After two missed sprint opportunities with Kooij, including a lead-out slip-up on stage six into Napoli, how did they come good on stage 12? The obvious answer is that their talisman, Wout van Aert, has refound his mojo. Despite Jonas Vingegaard’s two Tour de France overall wins, Van Aert remains the most important member of this team. When he is on form, the team is on form. In part, it is down to morale. Van Aert often shoulders the weight of the pressure of the Belgian cycling world, the weight of his own team and the weight of his own expectations — justifiably lofty for a man who has 13 Grand Tour stage wins.
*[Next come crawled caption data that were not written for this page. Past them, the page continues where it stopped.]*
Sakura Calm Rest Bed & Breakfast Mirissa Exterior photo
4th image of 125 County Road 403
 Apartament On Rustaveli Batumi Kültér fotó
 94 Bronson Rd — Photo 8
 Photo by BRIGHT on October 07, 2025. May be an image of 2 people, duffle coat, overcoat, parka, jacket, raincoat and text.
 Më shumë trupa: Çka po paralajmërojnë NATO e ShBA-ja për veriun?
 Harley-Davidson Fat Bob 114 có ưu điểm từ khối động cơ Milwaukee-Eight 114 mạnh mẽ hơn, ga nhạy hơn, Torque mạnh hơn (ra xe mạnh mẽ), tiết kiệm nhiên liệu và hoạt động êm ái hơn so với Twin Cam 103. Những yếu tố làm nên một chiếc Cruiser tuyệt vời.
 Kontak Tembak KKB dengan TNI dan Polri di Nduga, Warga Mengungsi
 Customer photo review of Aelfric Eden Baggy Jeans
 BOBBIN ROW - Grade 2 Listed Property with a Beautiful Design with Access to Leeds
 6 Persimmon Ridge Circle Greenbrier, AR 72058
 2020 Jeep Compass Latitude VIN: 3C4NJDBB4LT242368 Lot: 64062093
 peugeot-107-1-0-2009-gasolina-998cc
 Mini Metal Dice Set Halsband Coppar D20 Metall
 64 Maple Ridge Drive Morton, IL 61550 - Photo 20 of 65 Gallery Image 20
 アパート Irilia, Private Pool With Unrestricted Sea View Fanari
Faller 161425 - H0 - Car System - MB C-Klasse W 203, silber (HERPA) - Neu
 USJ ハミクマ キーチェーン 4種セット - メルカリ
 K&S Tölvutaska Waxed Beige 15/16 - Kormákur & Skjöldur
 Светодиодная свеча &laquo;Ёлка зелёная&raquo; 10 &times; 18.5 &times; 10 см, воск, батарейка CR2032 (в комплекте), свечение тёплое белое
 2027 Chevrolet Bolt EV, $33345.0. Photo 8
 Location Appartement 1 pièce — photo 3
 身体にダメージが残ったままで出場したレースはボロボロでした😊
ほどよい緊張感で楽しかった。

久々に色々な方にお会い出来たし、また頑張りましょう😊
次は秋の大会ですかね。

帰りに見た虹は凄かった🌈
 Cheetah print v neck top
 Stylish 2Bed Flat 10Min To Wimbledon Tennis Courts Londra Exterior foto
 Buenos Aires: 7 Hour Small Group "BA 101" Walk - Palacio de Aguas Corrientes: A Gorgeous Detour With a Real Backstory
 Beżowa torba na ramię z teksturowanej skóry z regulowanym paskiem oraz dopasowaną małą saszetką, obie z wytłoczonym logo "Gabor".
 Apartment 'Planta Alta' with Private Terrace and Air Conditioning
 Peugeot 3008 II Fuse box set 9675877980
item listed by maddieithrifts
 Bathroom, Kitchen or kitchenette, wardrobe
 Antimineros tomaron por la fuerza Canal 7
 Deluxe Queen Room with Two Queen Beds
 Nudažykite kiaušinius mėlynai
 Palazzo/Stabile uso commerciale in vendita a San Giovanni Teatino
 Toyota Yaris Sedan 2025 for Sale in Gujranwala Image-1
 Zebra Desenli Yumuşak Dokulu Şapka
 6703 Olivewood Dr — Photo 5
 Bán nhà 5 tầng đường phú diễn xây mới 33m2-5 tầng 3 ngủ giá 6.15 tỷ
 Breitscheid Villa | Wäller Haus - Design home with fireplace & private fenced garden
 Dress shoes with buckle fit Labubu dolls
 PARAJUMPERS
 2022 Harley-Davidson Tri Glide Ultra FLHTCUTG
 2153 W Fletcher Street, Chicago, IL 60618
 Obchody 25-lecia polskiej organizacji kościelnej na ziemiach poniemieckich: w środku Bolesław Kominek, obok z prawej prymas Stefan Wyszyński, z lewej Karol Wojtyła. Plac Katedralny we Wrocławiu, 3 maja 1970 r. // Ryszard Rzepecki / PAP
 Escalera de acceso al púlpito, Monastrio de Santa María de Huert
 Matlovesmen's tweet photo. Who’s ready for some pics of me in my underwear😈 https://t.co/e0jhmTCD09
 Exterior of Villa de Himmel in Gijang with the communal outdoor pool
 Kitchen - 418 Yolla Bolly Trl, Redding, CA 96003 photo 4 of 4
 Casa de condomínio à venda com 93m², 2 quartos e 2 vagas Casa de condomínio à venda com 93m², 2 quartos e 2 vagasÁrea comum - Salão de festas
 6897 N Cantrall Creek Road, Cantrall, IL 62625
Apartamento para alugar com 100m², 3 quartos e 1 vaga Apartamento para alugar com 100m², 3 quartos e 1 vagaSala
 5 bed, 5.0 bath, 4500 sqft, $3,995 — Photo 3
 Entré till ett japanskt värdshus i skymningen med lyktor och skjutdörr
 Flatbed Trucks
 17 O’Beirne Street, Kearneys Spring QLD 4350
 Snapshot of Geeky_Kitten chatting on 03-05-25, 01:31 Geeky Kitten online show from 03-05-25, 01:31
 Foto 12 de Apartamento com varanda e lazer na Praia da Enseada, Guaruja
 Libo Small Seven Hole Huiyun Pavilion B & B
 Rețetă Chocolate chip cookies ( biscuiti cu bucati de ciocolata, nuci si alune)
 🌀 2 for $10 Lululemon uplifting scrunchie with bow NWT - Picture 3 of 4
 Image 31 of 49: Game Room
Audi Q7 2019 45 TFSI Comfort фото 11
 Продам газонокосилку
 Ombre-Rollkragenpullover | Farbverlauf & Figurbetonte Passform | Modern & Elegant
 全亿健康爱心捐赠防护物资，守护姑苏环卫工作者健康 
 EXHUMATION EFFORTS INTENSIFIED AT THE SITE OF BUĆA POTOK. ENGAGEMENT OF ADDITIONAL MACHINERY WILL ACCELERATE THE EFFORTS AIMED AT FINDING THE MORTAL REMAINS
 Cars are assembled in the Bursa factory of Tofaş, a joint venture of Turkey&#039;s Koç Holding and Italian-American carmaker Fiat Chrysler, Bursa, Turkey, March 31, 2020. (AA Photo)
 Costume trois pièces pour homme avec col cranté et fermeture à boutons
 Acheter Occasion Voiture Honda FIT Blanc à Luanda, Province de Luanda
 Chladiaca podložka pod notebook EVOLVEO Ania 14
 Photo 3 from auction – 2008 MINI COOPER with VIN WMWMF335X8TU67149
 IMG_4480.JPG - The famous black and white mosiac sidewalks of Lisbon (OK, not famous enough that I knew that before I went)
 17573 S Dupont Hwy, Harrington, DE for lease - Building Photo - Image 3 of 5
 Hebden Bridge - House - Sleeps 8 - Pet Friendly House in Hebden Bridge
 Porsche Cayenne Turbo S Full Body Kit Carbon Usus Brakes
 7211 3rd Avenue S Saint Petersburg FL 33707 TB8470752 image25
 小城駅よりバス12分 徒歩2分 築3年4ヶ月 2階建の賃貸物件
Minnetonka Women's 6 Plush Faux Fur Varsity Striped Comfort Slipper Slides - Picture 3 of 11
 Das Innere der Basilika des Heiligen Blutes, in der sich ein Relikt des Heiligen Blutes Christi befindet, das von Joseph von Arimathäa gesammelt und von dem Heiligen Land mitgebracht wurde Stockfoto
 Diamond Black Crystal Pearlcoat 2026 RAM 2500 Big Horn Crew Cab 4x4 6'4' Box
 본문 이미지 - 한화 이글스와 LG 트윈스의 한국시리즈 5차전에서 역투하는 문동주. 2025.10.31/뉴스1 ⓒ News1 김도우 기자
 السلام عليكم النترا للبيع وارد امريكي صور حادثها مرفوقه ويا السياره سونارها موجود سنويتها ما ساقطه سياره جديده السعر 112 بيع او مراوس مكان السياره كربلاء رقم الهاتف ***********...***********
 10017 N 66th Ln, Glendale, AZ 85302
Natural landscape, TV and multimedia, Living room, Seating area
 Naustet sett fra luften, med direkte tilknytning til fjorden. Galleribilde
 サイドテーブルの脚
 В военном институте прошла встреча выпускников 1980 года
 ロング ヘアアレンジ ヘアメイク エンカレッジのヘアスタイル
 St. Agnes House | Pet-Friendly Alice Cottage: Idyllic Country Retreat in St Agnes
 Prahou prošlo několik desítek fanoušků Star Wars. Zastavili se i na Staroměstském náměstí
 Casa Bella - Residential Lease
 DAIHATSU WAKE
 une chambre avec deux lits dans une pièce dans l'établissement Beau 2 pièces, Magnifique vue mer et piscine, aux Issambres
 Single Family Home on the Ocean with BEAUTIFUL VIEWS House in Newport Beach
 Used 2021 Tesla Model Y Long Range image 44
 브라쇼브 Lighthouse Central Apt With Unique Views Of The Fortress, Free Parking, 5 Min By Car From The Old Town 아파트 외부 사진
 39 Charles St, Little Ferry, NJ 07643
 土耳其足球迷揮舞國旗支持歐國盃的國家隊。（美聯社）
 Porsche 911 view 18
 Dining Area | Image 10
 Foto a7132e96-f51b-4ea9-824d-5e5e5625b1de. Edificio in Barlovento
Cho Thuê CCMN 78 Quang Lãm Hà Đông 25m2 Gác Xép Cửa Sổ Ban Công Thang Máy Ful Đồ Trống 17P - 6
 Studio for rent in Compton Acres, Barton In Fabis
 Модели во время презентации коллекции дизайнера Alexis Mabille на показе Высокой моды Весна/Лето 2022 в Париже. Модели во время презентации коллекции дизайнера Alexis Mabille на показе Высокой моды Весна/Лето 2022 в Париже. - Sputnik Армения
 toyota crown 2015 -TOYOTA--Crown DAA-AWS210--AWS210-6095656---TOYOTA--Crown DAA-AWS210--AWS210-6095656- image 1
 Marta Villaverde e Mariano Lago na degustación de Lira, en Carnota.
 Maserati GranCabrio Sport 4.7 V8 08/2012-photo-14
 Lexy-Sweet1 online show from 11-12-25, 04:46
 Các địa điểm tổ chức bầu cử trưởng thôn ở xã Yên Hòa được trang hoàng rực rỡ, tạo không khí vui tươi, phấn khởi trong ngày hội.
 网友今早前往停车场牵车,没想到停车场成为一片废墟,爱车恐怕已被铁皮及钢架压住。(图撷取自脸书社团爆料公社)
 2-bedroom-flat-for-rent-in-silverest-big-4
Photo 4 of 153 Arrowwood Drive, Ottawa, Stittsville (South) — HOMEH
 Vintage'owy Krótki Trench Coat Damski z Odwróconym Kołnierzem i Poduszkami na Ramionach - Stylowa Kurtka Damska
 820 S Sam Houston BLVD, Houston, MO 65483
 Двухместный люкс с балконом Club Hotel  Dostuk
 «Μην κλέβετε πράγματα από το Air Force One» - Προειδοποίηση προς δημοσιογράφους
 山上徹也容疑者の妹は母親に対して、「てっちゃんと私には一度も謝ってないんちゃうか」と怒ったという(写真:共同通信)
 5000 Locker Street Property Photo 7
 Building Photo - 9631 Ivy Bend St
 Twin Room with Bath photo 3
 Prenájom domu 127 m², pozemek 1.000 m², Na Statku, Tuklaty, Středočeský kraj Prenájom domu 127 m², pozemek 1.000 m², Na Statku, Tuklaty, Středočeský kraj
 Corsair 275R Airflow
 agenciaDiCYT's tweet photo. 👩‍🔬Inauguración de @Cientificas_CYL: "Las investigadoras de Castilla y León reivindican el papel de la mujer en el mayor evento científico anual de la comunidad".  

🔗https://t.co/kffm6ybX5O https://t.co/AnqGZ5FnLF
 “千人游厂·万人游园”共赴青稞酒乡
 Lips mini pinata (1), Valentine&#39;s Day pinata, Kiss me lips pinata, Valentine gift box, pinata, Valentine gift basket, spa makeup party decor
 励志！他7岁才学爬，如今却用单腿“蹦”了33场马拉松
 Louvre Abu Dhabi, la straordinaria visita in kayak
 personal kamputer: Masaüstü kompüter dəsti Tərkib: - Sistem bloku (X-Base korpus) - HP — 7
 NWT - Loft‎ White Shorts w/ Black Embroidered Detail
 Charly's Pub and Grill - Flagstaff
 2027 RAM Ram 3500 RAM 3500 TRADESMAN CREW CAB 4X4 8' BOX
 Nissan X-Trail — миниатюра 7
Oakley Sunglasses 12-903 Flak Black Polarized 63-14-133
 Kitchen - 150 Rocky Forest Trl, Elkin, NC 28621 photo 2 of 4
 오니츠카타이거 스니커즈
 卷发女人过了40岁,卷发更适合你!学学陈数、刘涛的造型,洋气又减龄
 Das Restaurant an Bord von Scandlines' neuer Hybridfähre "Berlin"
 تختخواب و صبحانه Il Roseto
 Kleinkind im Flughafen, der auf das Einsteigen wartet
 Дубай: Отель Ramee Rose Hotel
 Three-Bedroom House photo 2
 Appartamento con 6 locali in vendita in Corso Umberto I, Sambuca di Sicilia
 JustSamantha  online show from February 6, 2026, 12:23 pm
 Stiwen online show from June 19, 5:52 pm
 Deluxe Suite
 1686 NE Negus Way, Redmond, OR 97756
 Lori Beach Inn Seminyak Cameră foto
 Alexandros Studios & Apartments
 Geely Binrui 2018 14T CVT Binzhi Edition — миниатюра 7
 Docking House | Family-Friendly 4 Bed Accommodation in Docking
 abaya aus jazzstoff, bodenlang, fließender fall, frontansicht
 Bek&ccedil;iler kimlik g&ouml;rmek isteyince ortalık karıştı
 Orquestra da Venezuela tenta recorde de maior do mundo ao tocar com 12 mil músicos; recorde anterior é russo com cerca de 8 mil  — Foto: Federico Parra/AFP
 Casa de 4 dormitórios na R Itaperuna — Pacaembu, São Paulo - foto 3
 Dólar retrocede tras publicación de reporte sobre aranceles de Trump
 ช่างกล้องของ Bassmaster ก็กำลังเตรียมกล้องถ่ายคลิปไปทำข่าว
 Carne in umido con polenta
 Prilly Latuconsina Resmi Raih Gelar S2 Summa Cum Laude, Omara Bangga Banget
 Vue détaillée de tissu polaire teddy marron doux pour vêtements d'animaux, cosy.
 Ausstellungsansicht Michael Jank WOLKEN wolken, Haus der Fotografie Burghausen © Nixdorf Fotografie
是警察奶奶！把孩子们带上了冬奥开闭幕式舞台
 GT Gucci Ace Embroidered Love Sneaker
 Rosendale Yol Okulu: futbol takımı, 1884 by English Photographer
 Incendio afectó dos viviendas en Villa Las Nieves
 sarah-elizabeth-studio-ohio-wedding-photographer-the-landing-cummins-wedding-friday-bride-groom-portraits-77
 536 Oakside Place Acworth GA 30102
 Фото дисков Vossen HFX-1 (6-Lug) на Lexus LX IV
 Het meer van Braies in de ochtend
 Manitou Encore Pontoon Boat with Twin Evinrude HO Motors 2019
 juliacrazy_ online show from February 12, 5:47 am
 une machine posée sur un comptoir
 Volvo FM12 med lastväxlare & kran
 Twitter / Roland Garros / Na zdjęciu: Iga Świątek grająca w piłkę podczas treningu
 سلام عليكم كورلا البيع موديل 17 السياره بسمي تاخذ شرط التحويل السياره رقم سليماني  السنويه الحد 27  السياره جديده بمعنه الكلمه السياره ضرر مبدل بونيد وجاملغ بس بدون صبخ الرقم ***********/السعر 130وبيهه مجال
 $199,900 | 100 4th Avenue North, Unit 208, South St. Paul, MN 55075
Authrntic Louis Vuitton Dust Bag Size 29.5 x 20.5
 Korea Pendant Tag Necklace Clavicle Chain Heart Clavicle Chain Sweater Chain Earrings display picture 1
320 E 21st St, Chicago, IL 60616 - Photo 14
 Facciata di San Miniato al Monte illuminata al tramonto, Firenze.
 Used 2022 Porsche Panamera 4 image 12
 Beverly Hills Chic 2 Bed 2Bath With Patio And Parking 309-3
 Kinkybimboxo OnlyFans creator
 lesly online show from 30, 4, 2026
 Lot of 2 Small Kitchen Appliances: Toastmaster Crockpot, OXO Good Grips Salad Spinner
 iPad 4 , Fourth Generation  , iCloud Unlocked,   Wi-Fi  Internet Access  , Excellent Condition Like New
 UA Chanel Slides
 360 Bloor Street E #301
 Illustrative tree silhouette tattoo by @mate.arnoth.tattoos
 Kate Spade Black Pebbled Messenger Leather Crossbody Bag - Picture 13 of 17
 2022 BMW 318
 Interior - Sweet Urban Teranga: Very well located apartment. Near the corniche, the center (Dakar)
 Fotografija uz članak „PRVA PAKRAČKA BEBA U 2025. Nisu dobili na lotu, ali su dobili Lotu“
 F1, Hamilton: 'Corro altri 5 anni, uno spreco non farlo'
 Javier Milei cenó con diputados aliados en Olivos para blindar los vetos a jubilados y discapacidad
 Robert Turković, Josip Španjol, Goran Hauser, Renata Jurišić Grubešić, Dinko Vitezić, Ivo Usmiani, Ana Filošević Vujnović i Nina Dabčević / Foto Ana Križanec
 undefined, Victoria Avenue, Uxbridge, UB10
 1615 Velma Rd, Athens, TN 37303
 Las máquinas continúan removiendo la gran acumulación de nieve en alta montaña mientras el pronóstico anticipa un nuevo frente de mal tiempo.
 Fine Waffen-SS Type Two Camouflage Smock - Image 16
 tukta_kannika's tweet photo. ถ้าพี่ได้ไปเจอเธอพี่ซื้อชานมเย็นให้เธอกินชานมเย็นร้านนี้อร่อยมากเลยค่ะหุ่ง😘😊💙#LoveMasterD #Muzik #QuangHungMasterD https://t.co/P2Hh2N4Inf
Van Aert broke the spell of bad luck at his redemptive win in Siena’s Piazza del Campo on stage nine's strade bianche, and it now appears that the weight has lifted. 

Wout van Aert celebrating his stage nine victory at the Giro d'Italia

Of course, morale only gets you so far — there were a number of highly motivated teams coming into the final kilometre into Viadana, but only a handful of riders in the world could have the strength to stay on the front for 750m and not be passed like Van Aert did. At the finish, the man himself said: “We used our horsepower." He was also referring to the exceptional work done by Edoardo Affini, who took control of the penultimate kilometre before Van Aert came to the front. But it was the Belgian’s turn that was the most impressive moment of the day. On Sunday’s gravel stage, he was the second-best rider behind the current maglia rosa, Isaac del Toro (UAE Team Emirates-XRG), but if his performance over the gravel showed he could win bike races again, today showed he could be the best rider in the peloton again. 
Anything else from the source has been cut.